RENTON, Wash. — The recently announced Fallout-themed Magic: the Gathering crossover decks will require a day one patch, annoyed sources have confirmed.
“This is very normal and the reports coming out are making it sound much worse than it actually is,” stated Wizards of the Coast PR Representative Lance Baker. “Yes, we are aware that sometimes Dogmeat appears without any skin, other times half the cards are in Spanish, and one of our testers keeps shitting himself while playing and he swears it’s related. However, this patch will probably fix these issues. Come on though, you can’t really expect a Fallout game to run well, even in physical card form.”
Gamers familiar with previous Fallout releases were not surprised by this turn of events.
“I’m not surprised by anything anymore,” said Donald Borgson, a Fallout fan with a forlorn gaze. “But don’t worry about me, because there’s a fun way I deal with it: I disassociate. When I begin swearing profusely at my monitor because my character is somehow stuck inside a wall, I disassociate. When I feel a meltdown coming on because I had to reload a sixth time after a required NPC wouldn’t appear, I disassociate. When I find myself sending a baggy of toenail clippings to Bethesda because my 200 hour save corrupted, I disassociate. I think this is a very normal and healthy way to have fun and I am excited to do the same with this card game.“
Gaming historian Henry Tooterman sees this as an inevitable shift for future games of all types.

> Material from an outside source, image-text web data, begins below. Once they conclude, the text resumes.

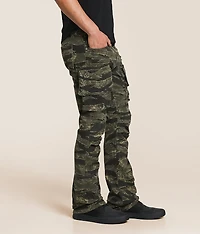 Camo Cargo Stacked Flare Stretch Jean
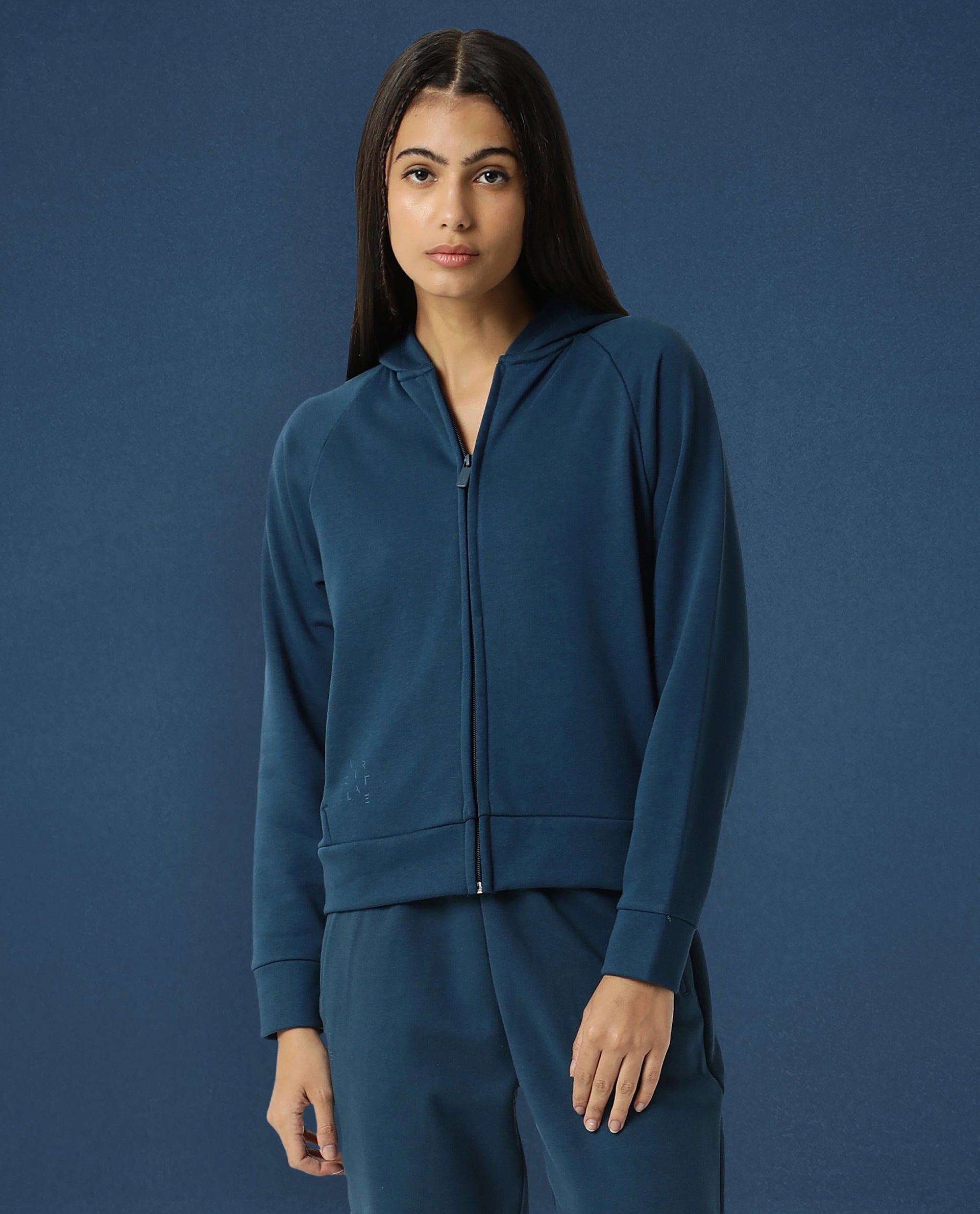 Rareism Women Capper Dusky Green Cotton Blend Fabric Full Sleeves Solid Hooded Jacket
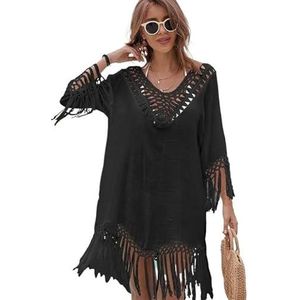 Badpak voor dames, kant, transparant, strandjurk, bikinijurk, casual, los, vest, jurk, zomer, zwemkleding, strandjurk (Noir)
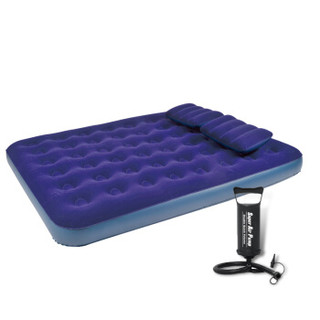 吉龙 充气床垫 露营气垫床 蓝色植绒 双人标准款（赠2个枕头+1个手拉泵）203*152*22cm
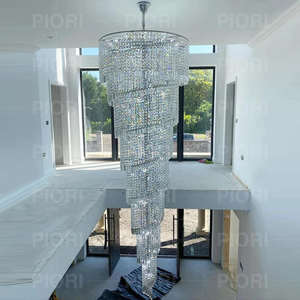 โคมไฟระย้าคริสตัลทรงยาวแบบเกลียวขนาดใหญ่พิเศษ พร้อมพู่คริสตัลหรูหรา สำหรับบันได/ทางเข้า - Product Image 6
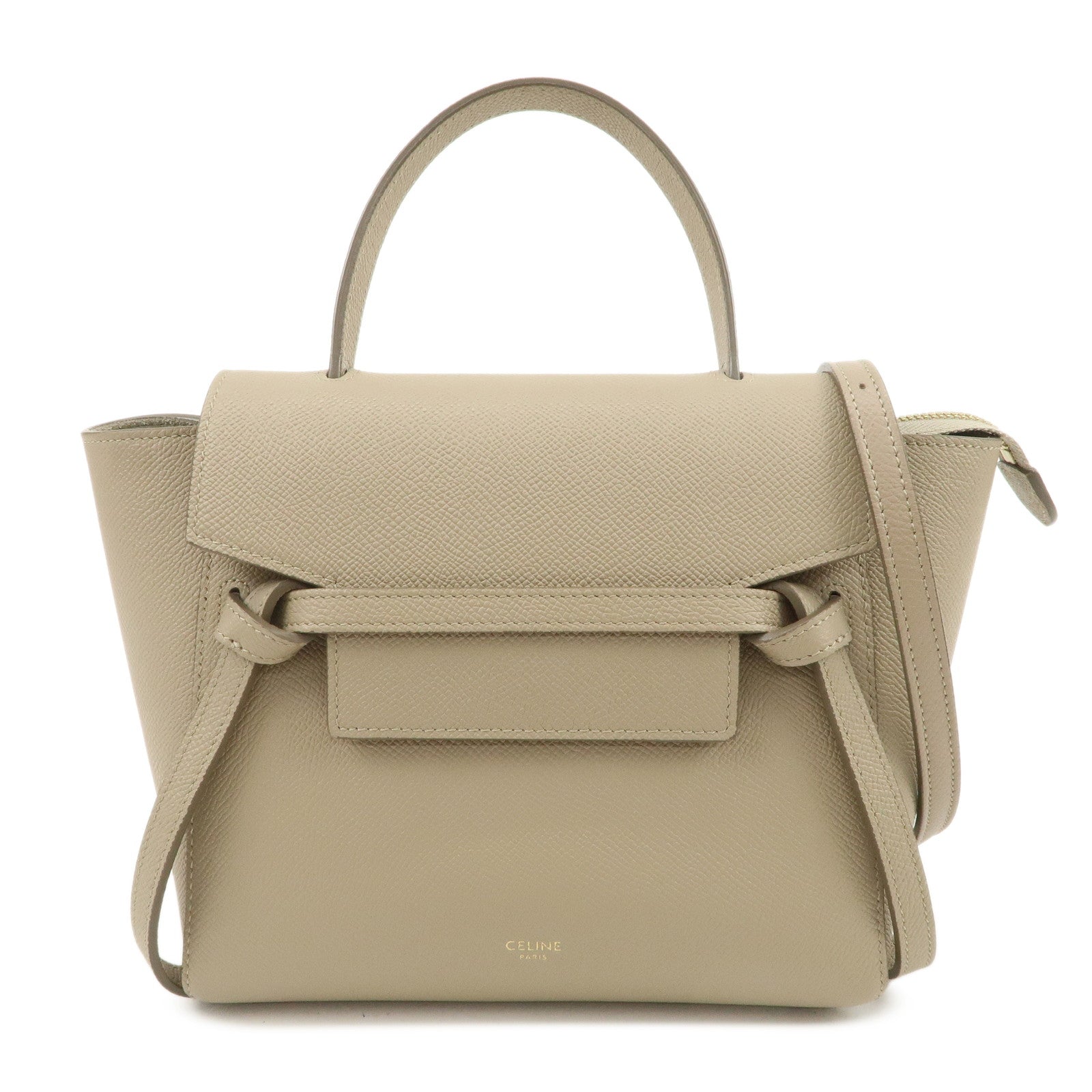 CELINE Belt Bag Leather Nano 2WAY Hand Bag Shoulder Bag Beige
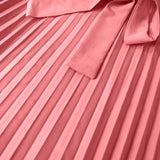Pleated Dresses with Bow tie- PS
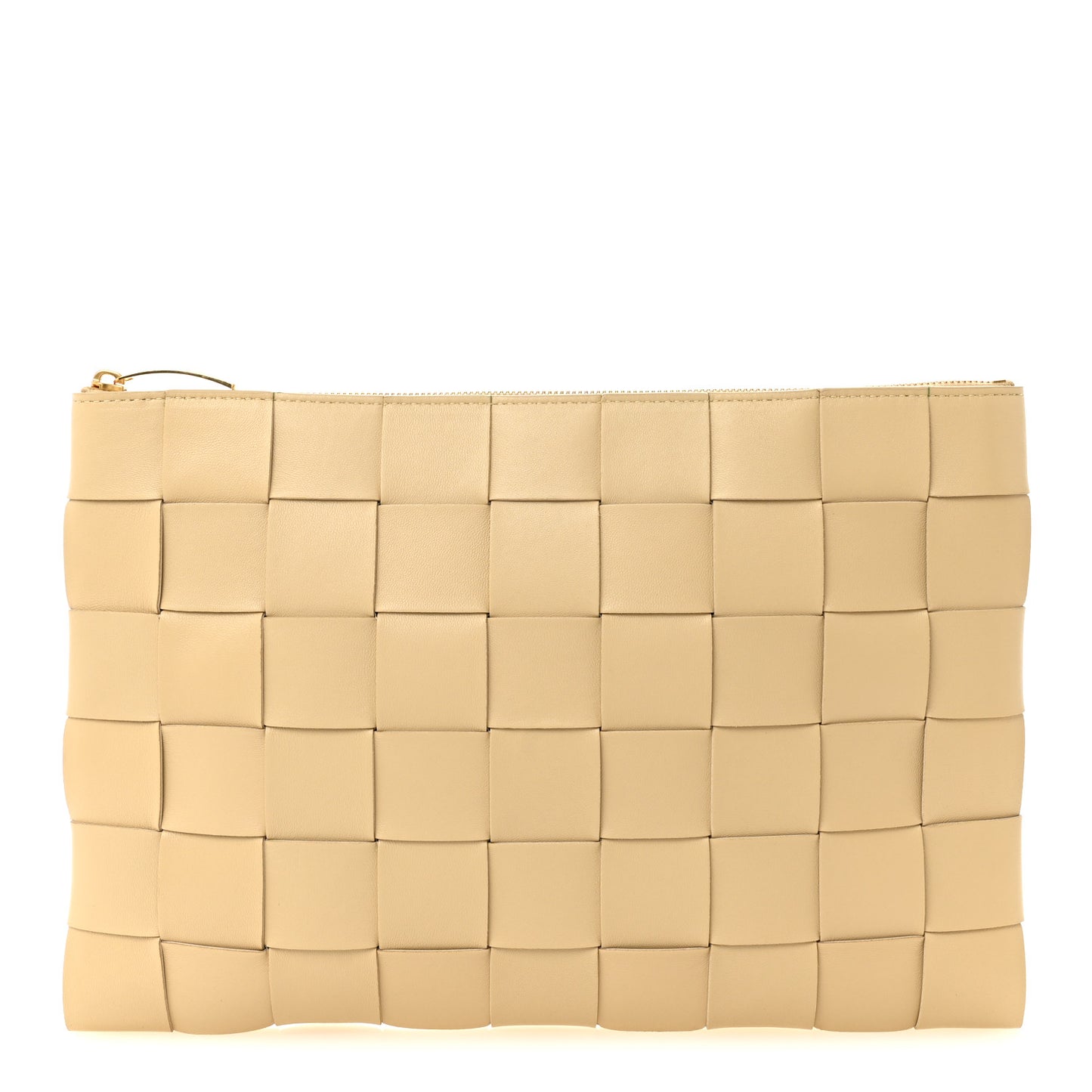 Nappa Maxi Intrecciato Large Cassette Flat Zip Pouch Porridge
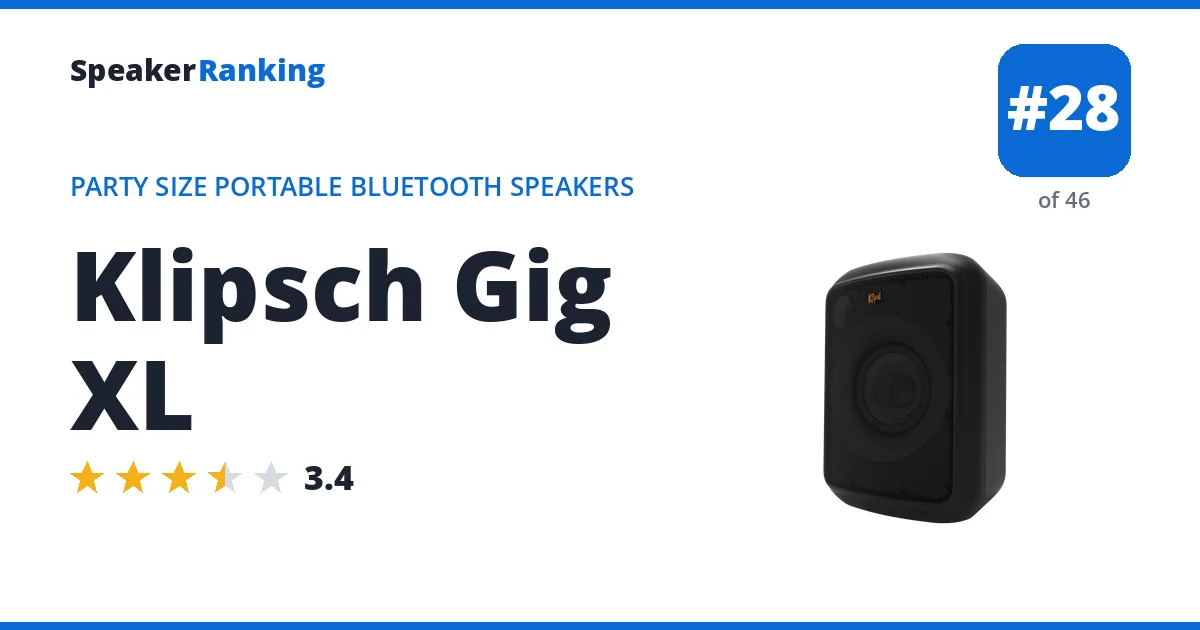 Klipsch Gig XL - ranked #28 of 46 Party Size Portable Bluetooth Speakers · Editor's rating 3.4/5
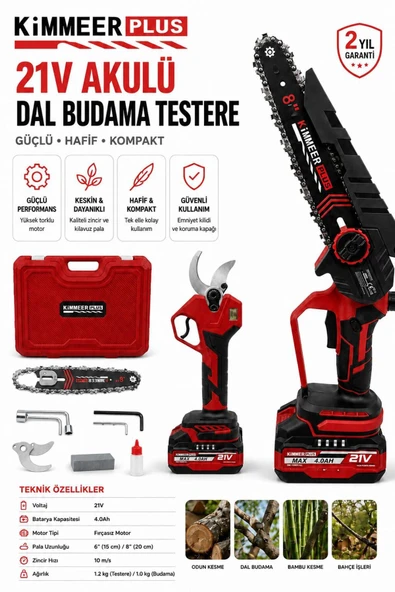 KİMMEER PLUS 2'li Set 50mm Bağ Makası ve Budama Testeresi Sarı ürün görseli 1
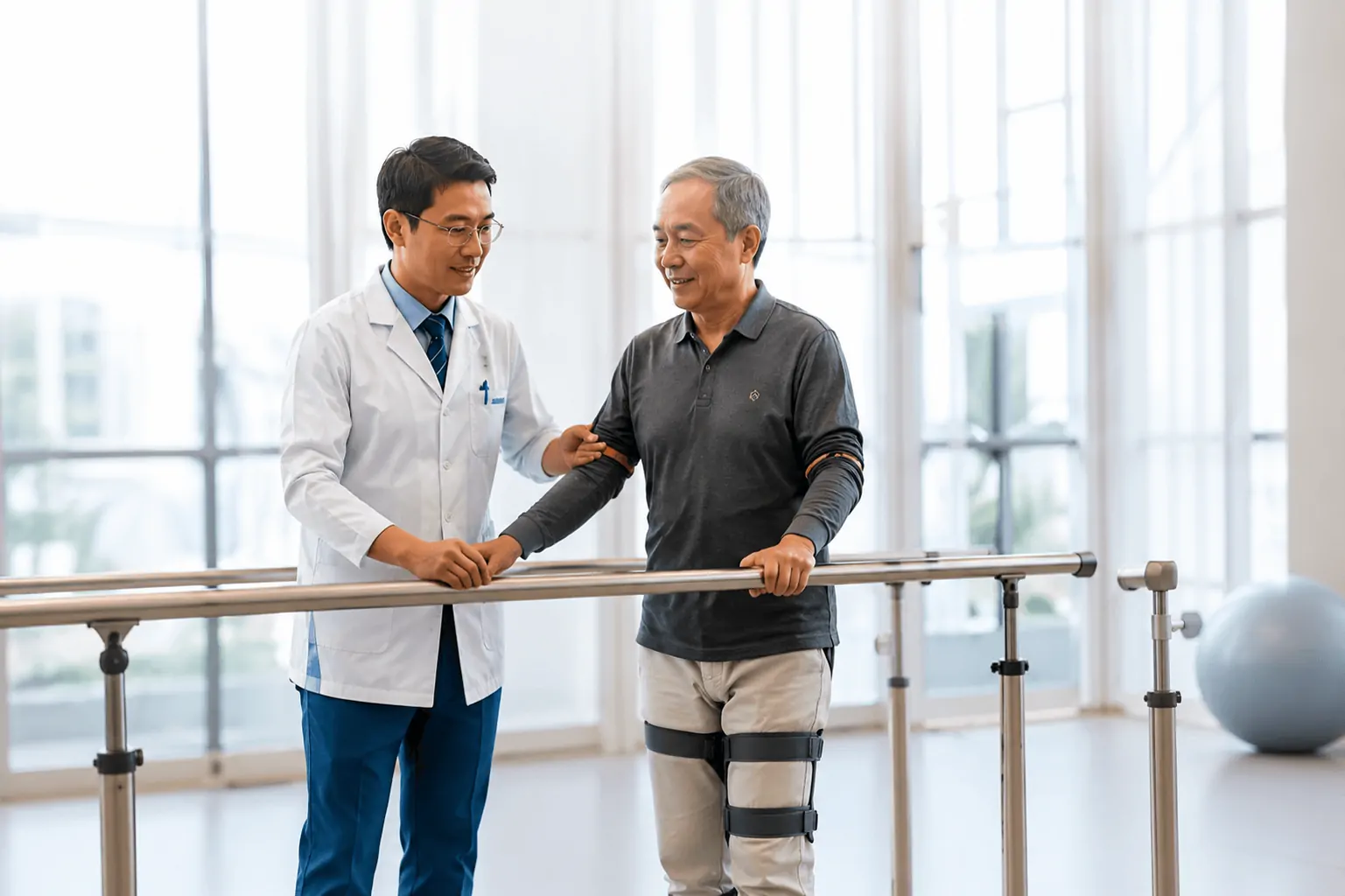 International patient receiving orthopedic and rehabilitation support in China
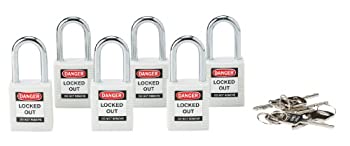 【中古】【輸入品・未使用】Brady 118925 White Brady Keyed Different Safety PadLock (6 Locks) by Brady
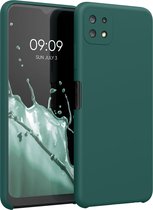 kwmobile telefoonhoesje voor Samsung Galaxy A22 5G - Hoesje met siliconen coating - Smartphone case in turqoise-groen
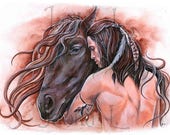 Brothers - Print, native american art, signed print, horse and man, watercolor painting, wall art, unique gift, historic art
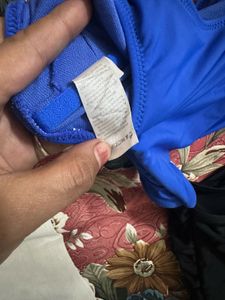 Blue &amp; Black High-Waisted Swimsuit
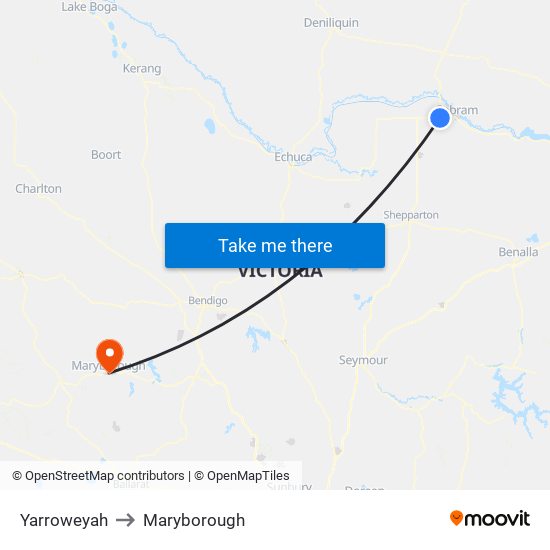 Yarroweyah to Maryborough map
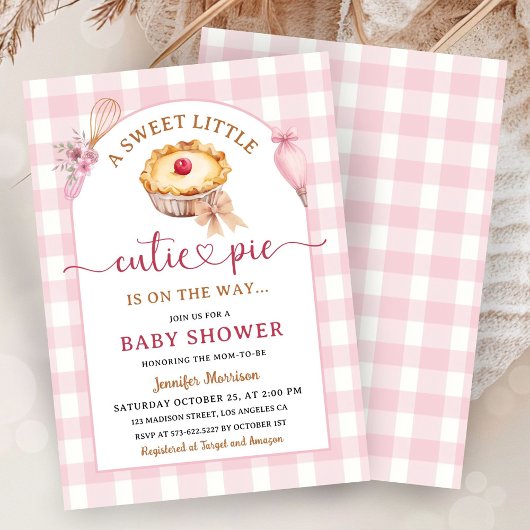 ピンクかわいこちゃんパイ赤ちゃんシャワー 招待状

“It’s not like the old days where a product is released when it’s finished,” said Tooterman. “Even card game designers have realized they can avoid paying people to finish their games and instead have fans do it. It’s now on the community to fix these broken games with unofficial patches. As long as you don’t mind the occasional Thomas the Tank Engine card shoved into your deck, the system works.”
At press time, Wizards of the Coast was reportedly debating whether their new cards will also require an always on internet connection.